Most of the civilian casualties – which have included women and children – have happened since September [Anwar Amro/AFP/Getty]
More than 200 children have been killed and 1,100 injured in Lebanon in the past two months, the UN children’s agency, UNICEF, said on Tuesday.
The more than year-old conflict in Lebanon spiralled into all-out war in mid-September when Israel launched a major offensive against Iran-backed Hezbollah. Over 3,500 people have been killed in total, many of them civilians.

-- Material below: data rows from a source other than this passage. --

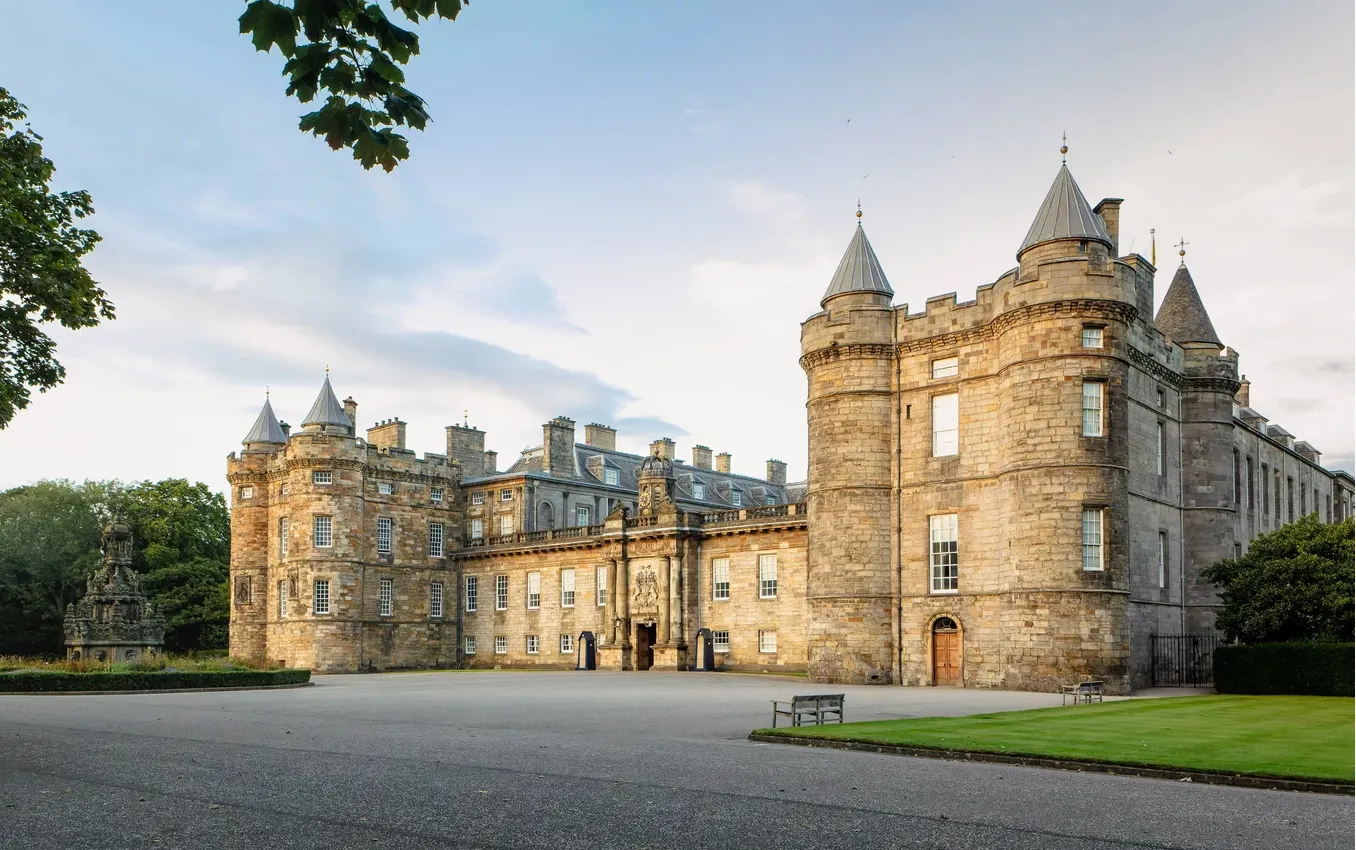 Palatul Holyroodhouse din Edinburgh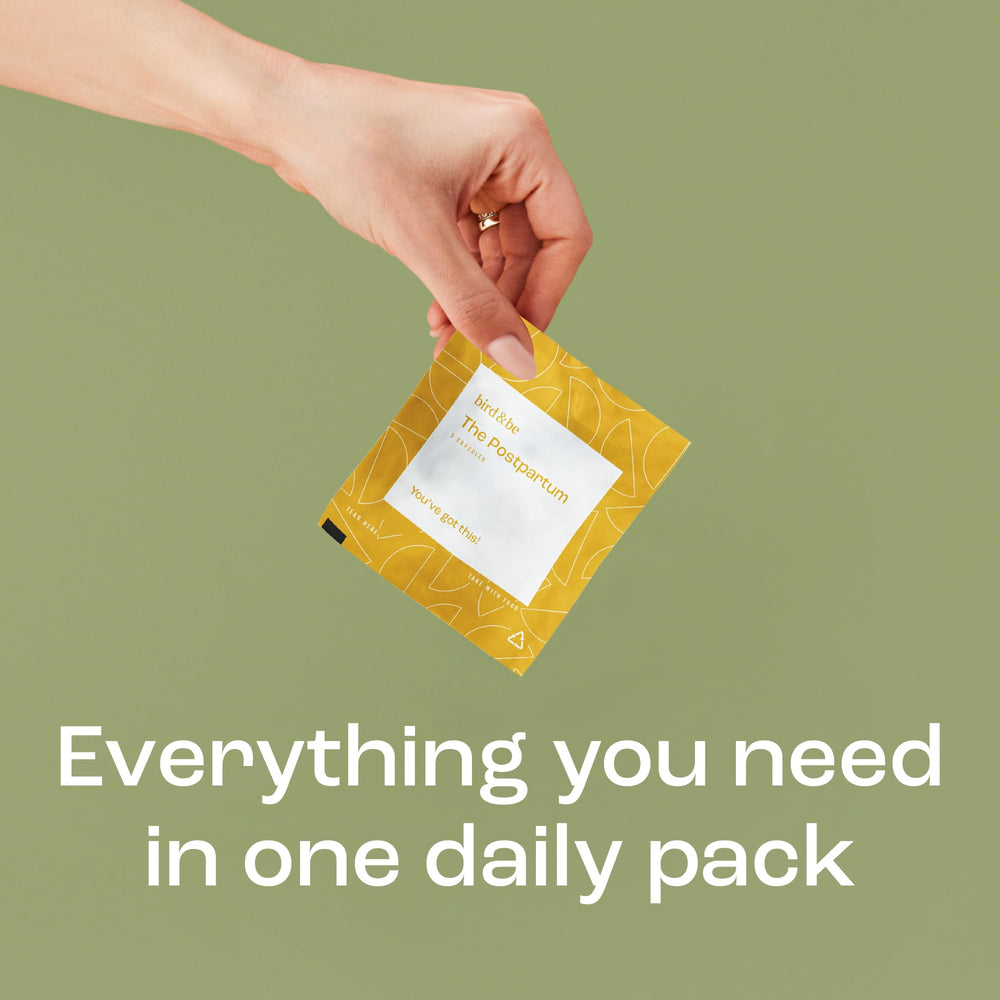 bird&be Postpartum pour action illustrating easy daily consumption.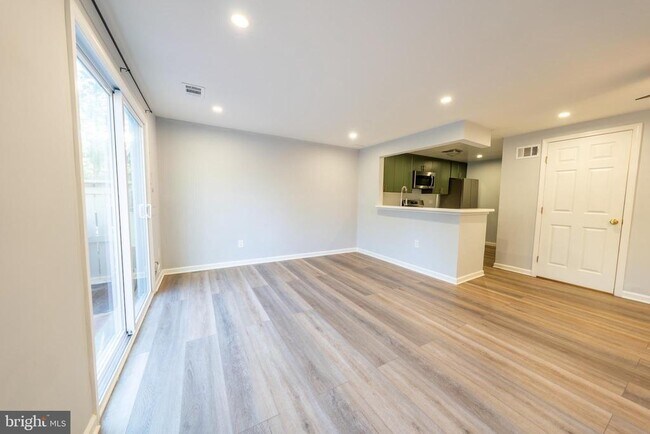 Building Photo - 9377 Chadburn Pl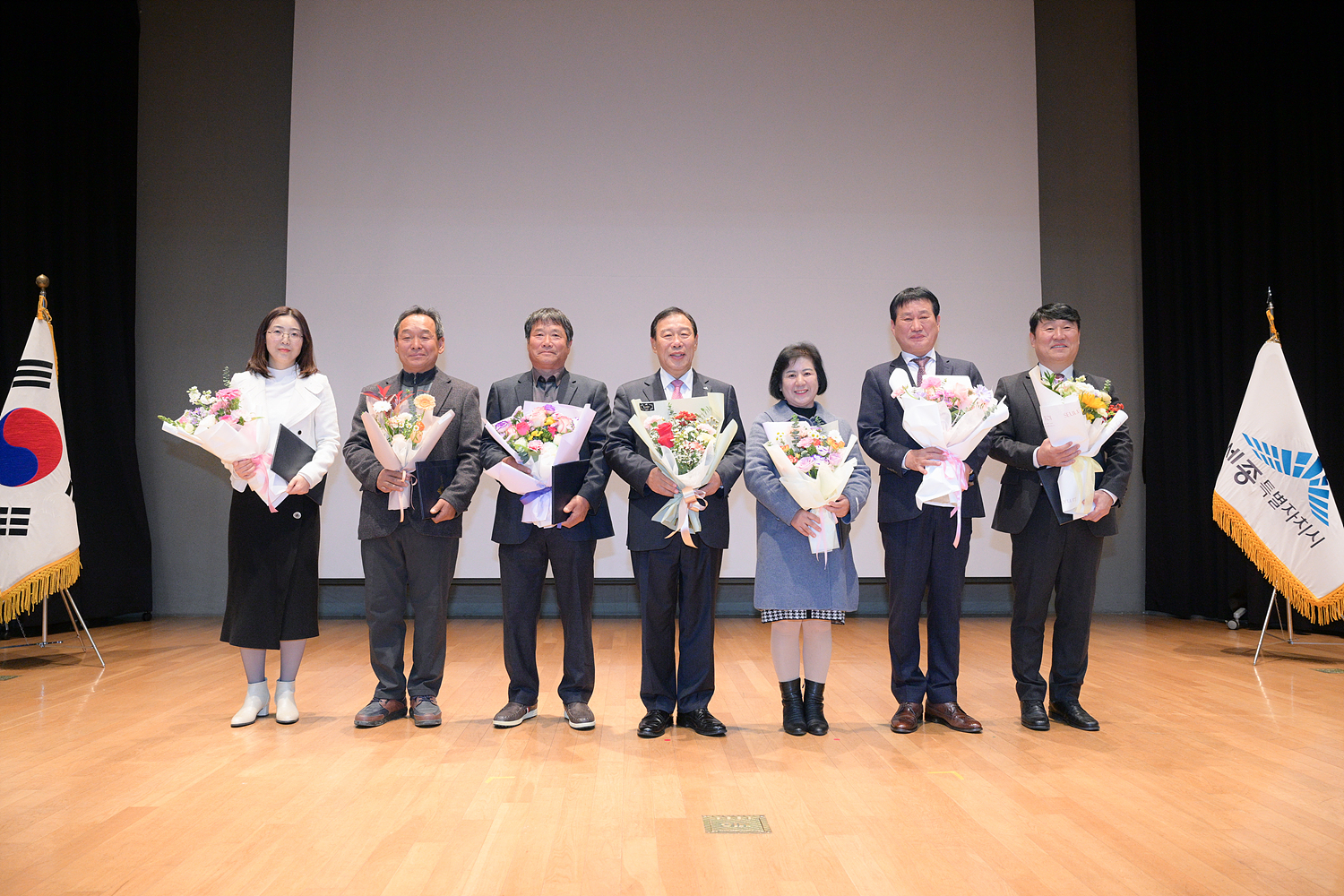 세종시, 지역 농업 발전 이끈 농업인 표창·격려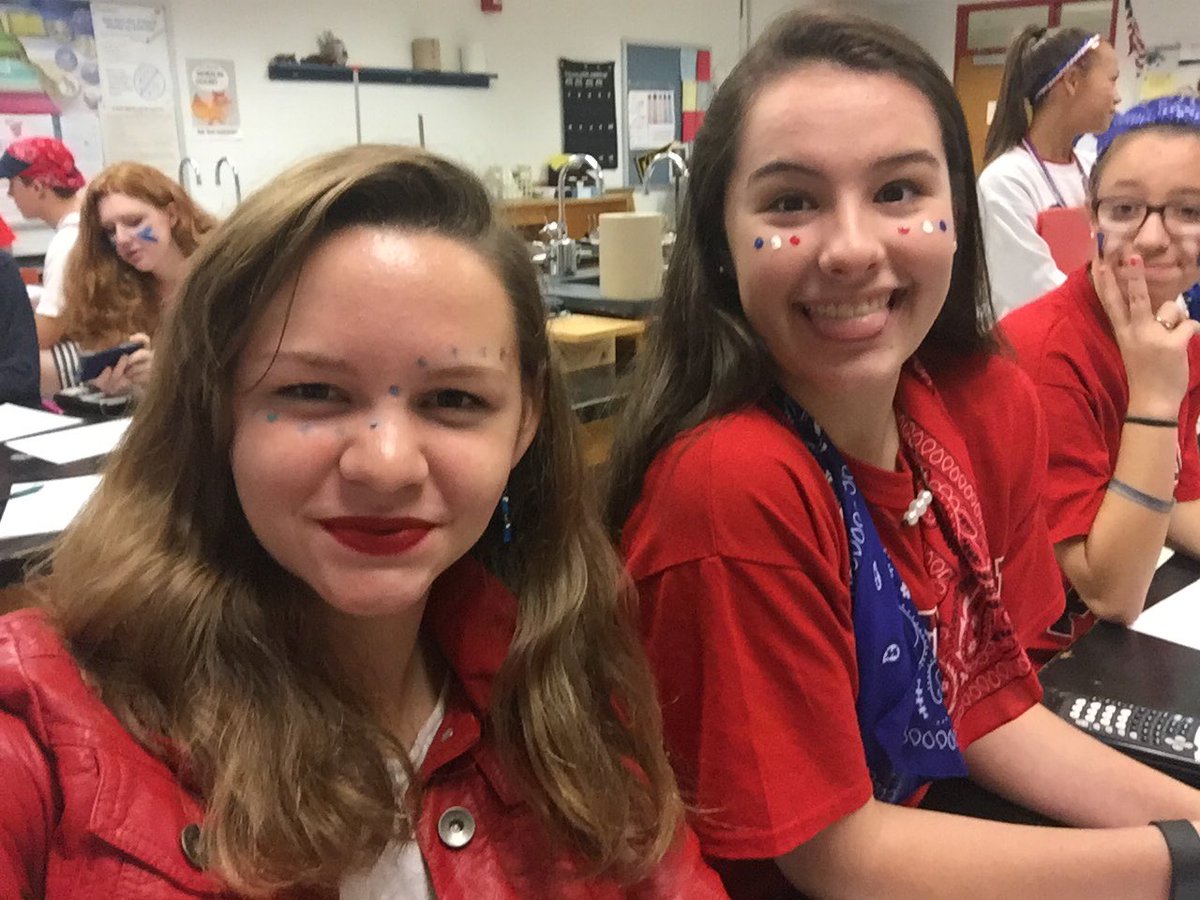 Baileygurl1's tweet photo. #ahshc11 @AHSpiritWars https://t.co/a9iatwDkK1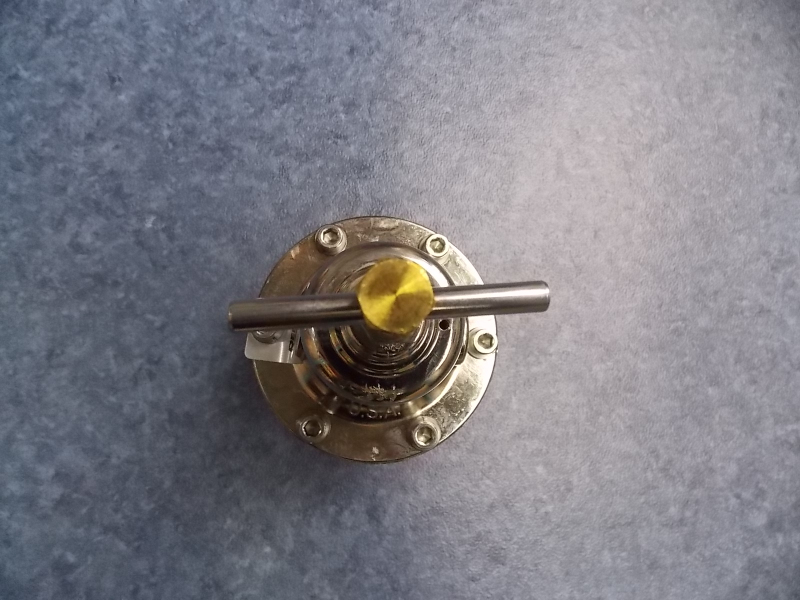 Pressure regulator valve; imported-2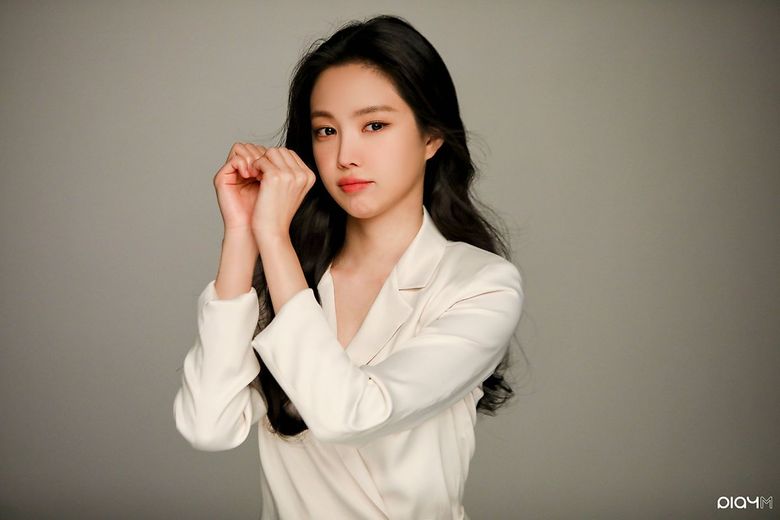 Son NaEun, Photoshoot Behind-the-Scene - Part 1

“Despite more than 200 children killed in Lebanon in less than two months, a disconcerting pattern has emerged: their deaths are met with inertia from those able to stop this violence,” UNICEF spokesperson James Elder told a Geneva press briefing. “For the children of Lebanon, it has become a silent normalisation of horror.”
He declined to comment on who was responsible for the killings, saying that it was clear to anyone who follows the media.
Elder said there were “chilling similarities” between the conflicts in Lebanon and in Gaza, where a significant portion of the more than 43,000 people killed in the 13-month-old war between Israel and Hamas are reported to be children.
UNICEF is providing psychosocial support to children and providing medical supplies, meals and sleeping kits to the hundreds of thousands of children who have fled the fighting.
“In Lebanon, much the same as has become the case in Gaza, the intolerable is quietly transforming into the acceptable,” he added.